* The problem
Tally up the lines below that carry the word "available", answering with the figure alone.

**** Provided data ****

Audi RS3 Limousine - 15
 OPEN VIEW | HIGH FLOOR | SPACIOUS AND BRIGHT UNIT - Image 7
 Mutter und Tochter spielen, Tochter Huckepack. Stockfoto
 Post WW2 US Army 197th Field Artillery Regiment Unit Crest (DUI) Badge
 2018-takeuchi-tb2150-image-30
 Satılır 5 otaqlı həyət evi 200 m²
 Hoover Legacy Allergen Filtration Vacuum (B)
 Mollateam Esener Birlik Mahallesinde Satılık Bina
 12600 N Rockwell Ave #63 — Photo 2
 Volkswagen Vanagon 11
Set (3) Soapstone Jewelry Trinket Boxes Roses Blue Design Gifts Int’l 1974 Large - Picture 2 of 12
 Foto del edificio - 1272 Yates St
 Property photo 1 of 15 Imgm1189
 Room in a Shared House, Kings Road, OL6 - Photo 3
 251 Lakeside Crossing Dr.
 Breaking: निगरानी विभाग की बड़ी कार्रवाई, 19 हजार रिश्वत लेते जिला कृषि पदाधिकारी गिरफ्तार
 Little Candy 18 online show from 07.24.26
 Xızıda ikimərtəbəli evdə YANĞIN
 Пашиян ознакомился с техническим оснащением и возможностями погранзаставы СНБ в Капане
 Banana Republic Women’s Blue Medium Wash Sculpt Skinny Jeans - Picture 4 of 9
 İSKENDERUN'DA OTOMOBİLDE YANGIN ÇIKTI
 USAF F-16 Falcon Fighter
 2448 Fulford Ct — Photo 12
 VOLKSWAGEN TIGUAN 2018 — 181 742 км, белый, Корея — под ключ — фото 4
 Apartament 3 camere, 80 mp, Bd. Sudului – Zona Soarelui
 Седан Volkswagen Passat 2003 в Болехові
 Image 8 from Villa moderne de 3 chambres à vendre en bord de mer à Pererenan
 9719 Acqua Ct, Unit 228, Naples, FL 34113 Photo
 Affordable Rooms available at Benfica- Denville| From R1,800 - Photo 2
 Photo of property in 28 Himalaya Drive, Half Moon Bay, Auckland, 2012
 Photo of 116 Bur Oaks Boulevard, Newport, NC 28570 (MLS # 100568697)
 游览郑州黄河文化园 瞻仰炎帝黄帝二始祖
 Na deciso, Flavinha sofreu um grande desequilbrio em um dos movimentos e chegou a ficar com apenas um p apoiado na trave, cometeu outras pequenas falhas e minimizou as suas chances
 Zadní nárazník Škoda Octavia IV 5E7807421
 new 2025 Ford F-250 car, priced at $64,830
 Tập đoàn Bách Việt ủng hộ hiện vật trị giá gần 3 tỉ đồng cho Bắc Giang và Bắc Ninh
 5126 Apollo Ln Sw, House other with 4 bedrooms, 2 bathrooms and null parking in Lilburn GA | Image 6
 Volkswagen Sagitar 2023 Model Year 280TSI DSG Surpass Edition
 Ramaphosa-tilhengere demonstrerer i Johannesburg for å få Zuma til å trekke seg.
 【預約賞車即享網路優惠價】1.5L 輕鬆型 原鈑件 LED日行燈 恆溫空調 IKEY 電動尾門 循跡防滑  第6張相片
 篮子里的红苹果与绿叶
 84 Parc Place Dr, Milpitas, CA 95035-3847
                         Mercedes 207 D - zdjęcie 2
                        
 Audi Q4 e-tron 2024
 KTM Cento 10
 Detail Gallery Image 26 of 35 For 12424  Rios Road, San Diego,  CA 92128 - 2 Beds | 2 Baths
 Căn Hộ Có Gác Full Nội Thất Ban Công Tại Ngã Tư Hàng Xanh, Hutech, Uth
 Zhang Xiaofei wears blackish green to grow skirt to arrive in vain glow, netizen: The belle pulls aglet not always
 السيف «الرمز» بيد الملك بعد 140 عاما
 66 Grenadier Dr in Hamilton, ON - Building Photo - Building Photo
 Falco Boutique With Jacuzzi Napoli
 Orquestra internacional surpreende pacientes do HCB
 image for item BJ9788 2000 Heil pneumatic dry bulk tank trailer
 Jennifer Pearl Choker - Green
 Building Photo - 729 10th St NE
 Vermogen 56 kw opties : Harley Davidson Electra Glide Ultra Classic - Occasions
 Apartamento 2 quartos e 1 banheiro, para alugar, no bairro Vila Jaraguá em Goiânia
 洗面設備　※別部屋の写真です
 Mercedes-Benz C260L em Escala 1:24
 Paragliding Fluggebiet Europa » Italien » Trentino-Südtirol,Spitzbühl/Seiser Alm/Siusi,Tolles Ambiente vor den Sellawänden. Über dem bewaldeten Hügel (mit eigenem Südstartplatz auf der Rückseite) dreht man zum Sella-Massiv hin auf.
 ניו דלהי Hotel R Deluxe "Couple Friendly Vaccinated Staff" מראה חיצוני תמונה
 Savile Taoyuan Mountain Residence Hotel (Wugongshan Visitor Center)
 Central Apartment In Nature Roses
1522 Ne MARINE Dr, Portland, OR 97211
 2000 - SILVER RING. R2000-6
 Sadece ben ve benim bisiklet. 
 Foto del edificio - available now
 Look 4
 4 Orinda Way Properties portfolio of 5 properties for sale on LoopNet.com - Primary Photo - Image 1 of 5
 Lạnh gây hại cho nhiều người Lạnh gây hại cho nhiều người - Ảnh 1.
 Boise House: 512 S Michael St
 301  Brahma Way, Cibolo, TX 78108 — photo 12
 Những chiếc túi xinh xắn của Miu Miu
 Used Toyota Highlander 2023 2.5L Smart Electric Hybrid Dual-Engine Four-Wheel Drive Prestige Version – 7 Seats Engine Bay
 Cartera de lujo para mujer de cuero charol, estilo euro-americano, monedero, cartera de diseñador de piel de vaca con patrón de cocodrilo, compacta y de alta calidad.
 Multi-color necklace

****

* Answer to the problem
2